*** Block opens ***

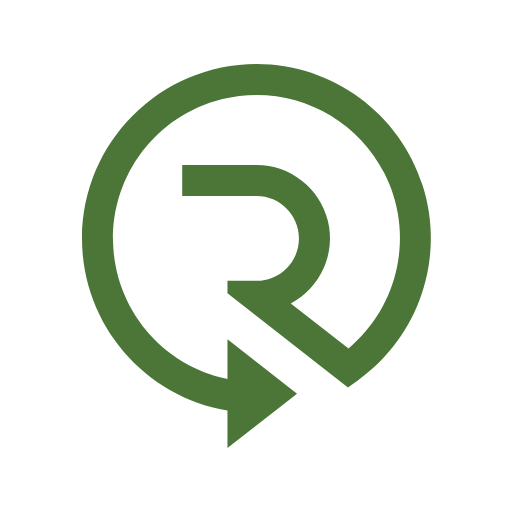 Remix Second Hand &amp; Outlet icon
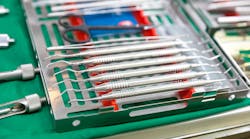 Dreamstime Xl 102587860 Dreamstime Xl 102587860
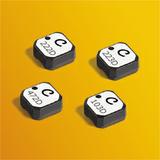 LPS3314-564MLC 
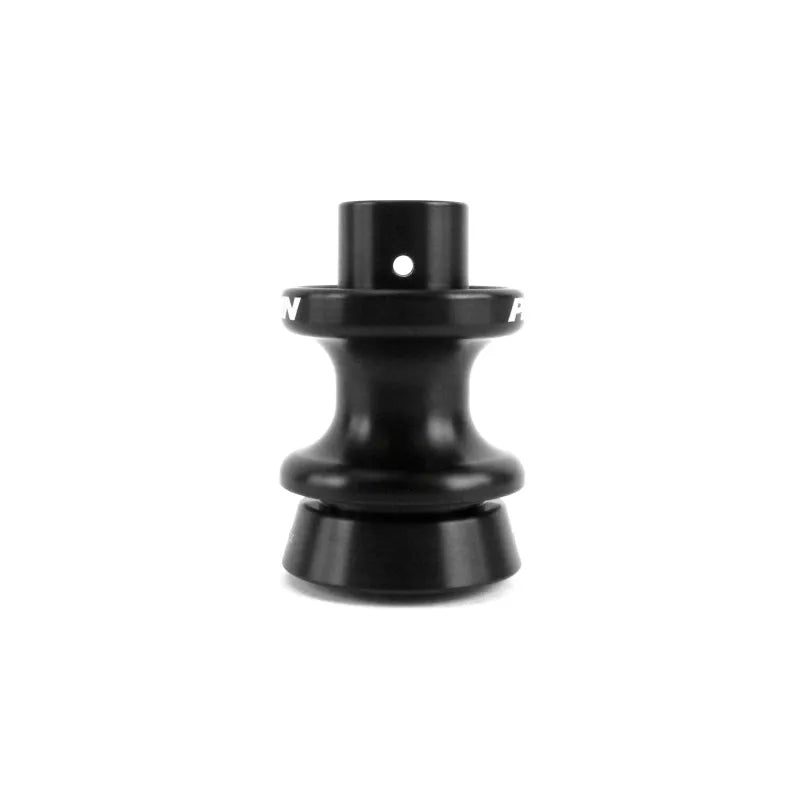 Perrin Performance black auto part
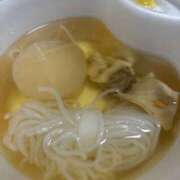 ヒメ日記 2025/11/09 13:12 投稿 あいり 大阪回春性感エステティーク谷九店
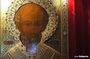 Bari Private Tour The Authentic Mediterranean Spirit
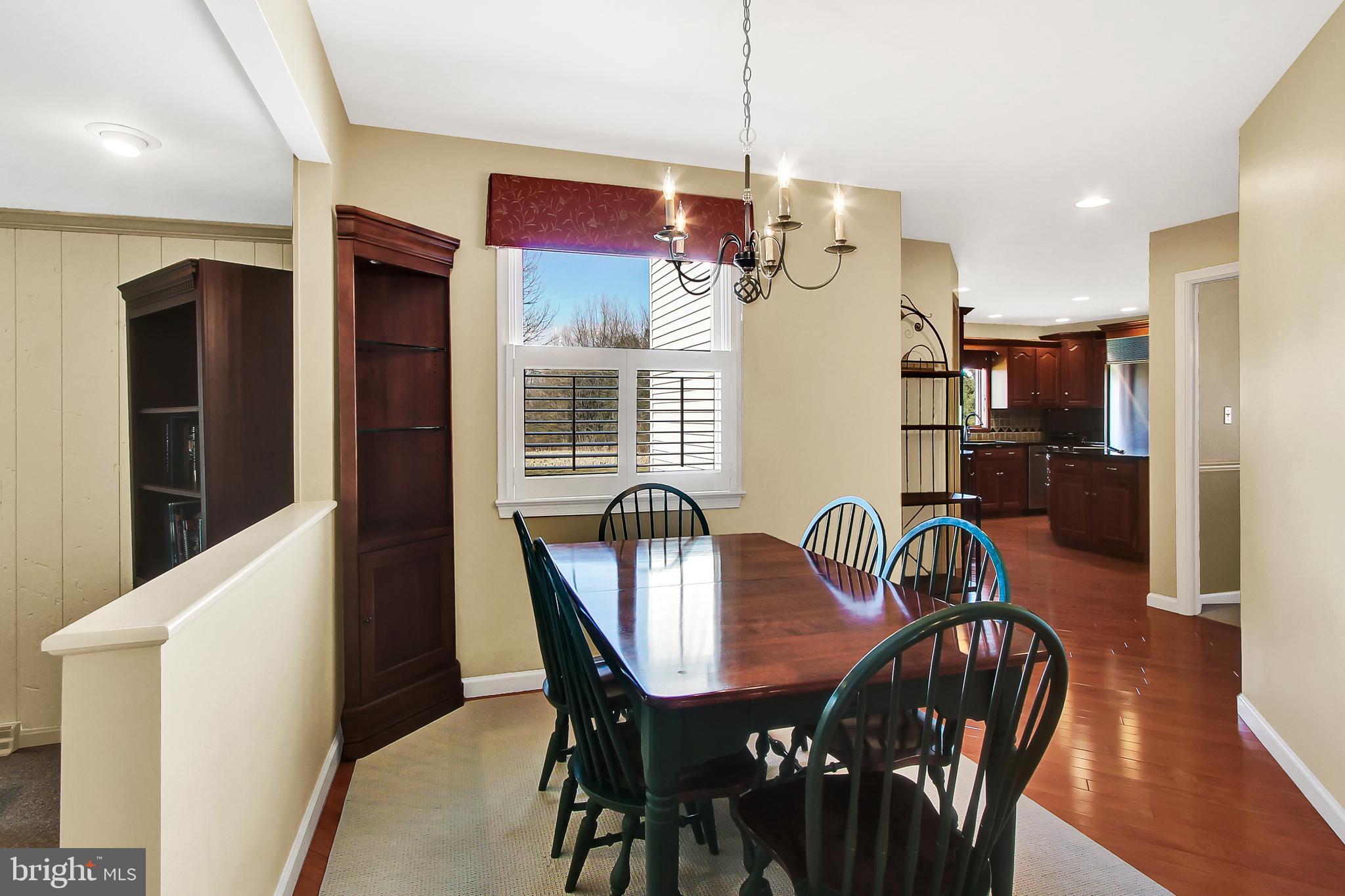474 Krause Road Fleetwood, PA 19522 - Photo 8 of 28 Gallery Image 8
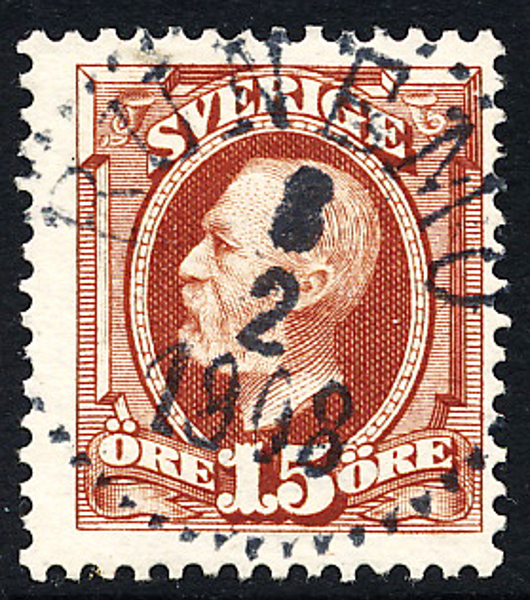 RUNEMO 8.2.1908 N29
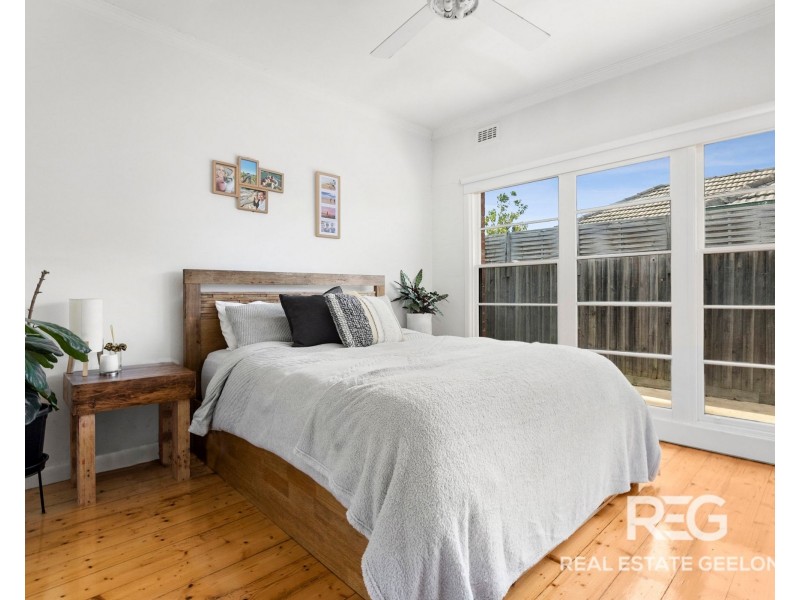 120 GERTRUDE STREET, Geelong West VIC 3218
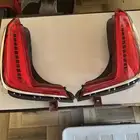 اسطبات كدلك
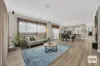 16 Callow Avenue, Clyde North, Vic 3978-Image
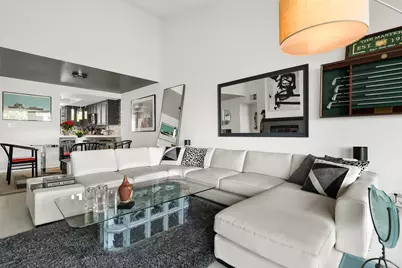 38 San Sebastian Drive, Rancho Mirage, CA 92270 - Photo 5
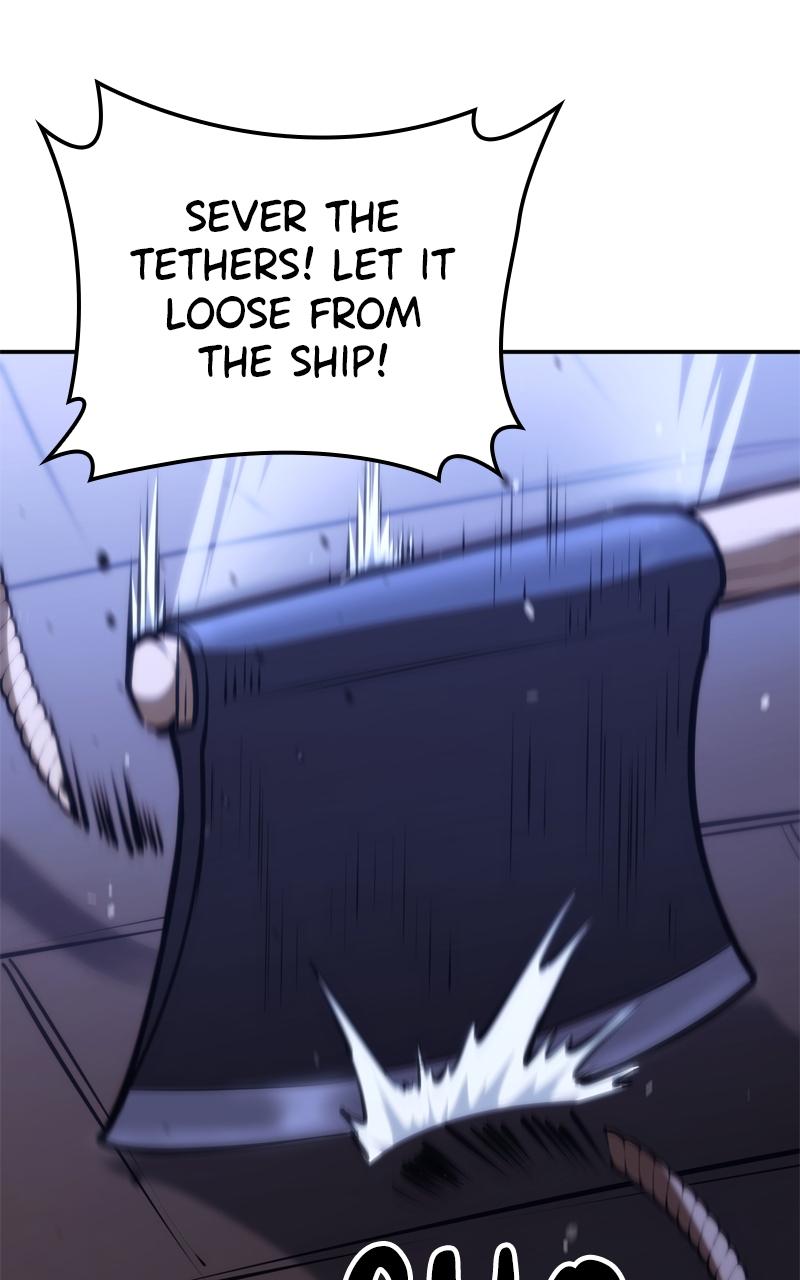 Assassin's Creed: Forgotten Temple Chap 69 - Next Chap 70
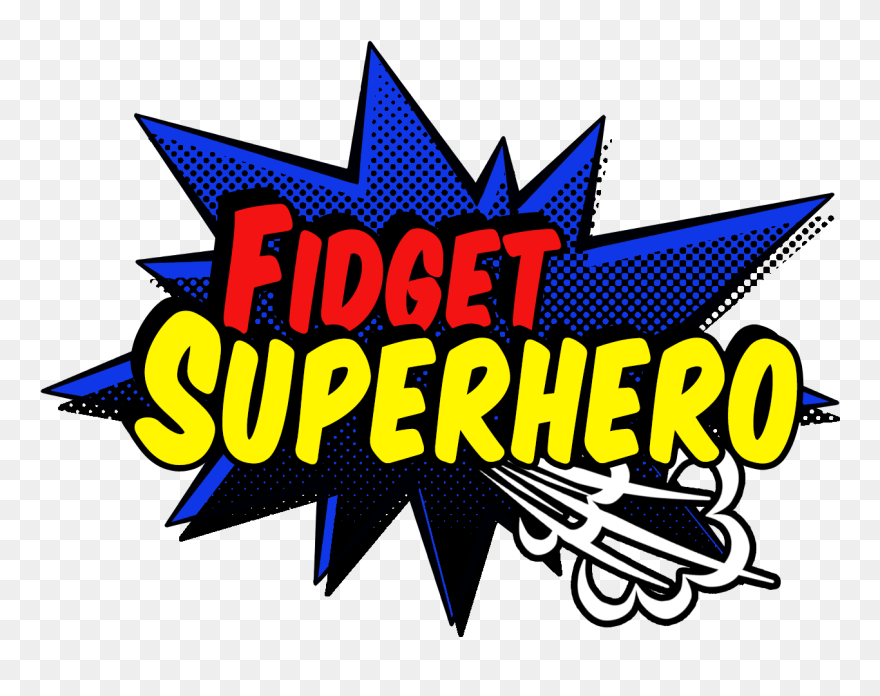 Graphic Design Clipart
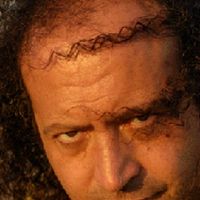 Bilder Manuel Tallafé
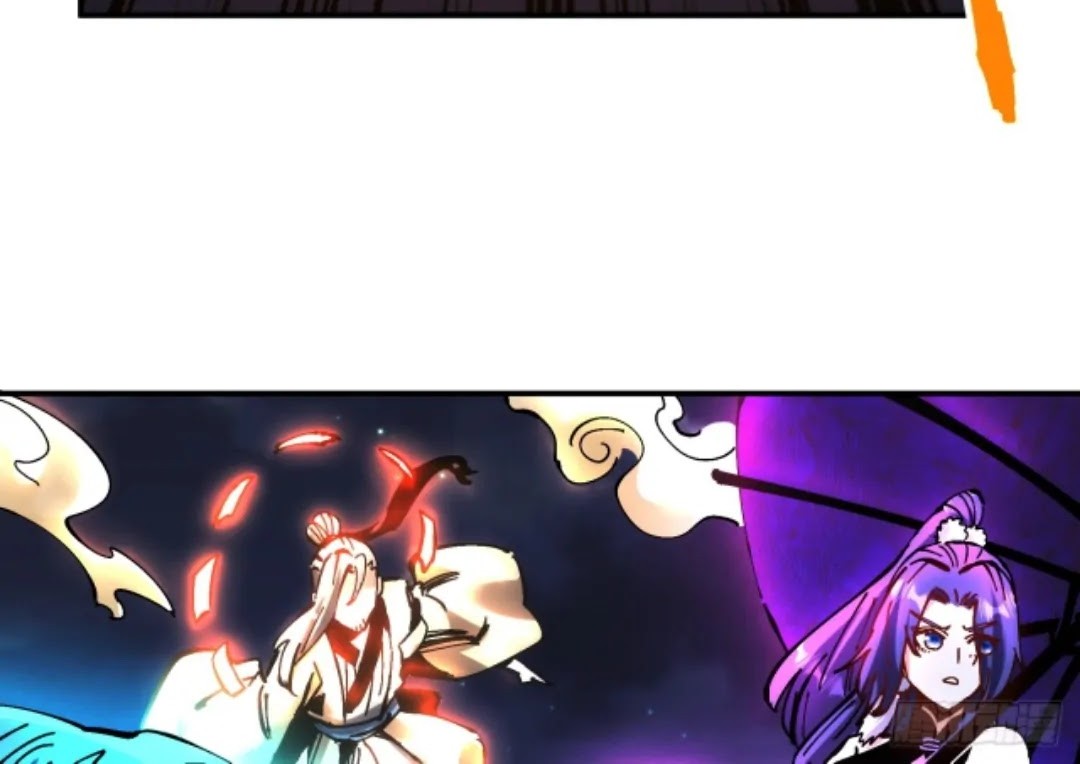 I Became a Big-Shot on the Heavenly Leaderboard Chapter 13 Gambar 38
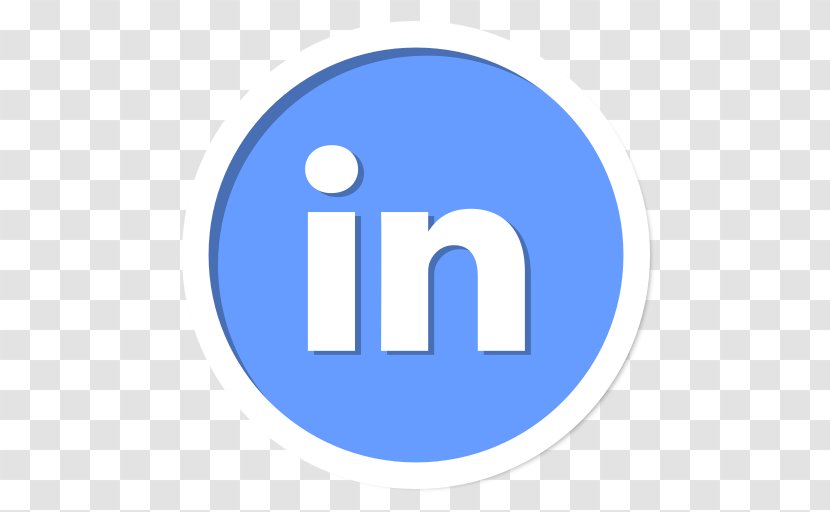Social Media LinkedIn Advertising Facebook Business - Signage - Follow Me Transparent PNG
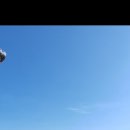 정우공인중개사 이미지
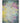 Printed Abstract Rugs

*** Block closes ***

__ABOUT THIS TASK__: Transcribe every record above exactly as written, leaving out any pictures.

__RESPONSE AREA__:
 Remix Second Hand &amp; Outlet icon
 Dreamstime Xl 102587860 Dreamstime Xl 102587860
 LPS3314-564MLC 
 Perrin Performance black auto part
 ヒメ日記 2025/11/09 13:12 投稿 あいり 大阪回春性感エステティーク谷九店
 Bari Private Tour The Authentic Mediterranean Spirit
474 Krause Road Fleetwood, PA 19522 - Photo 8 of 28 Gallery Image 8
 RUNEMO 8.2.1908 N29
 120 GERTRUDE STREET, Geelong West VIC 3218
 اسطبات كدلك
 16 Callow Avenue, Clyde North, Vic 3978-Image
 38 San Sebastian Drive, Rancho Mirage, CA 92270 - Photo 5
 Assassin's Creed: Forgotten Temple Chap 69 - Next Chap 70
 Graphic Design Clipart
 Bilder Manuel Tallafé
 I Became a Big-Shot on the Heavenly Leaderboard Chapter 13 Gambar 38
Social Media LinkedIn Advertising Facebook Business - Signage - Follow Me Transparent PNG
 정우공인중개사 이미지
 Printed Abstract Rugs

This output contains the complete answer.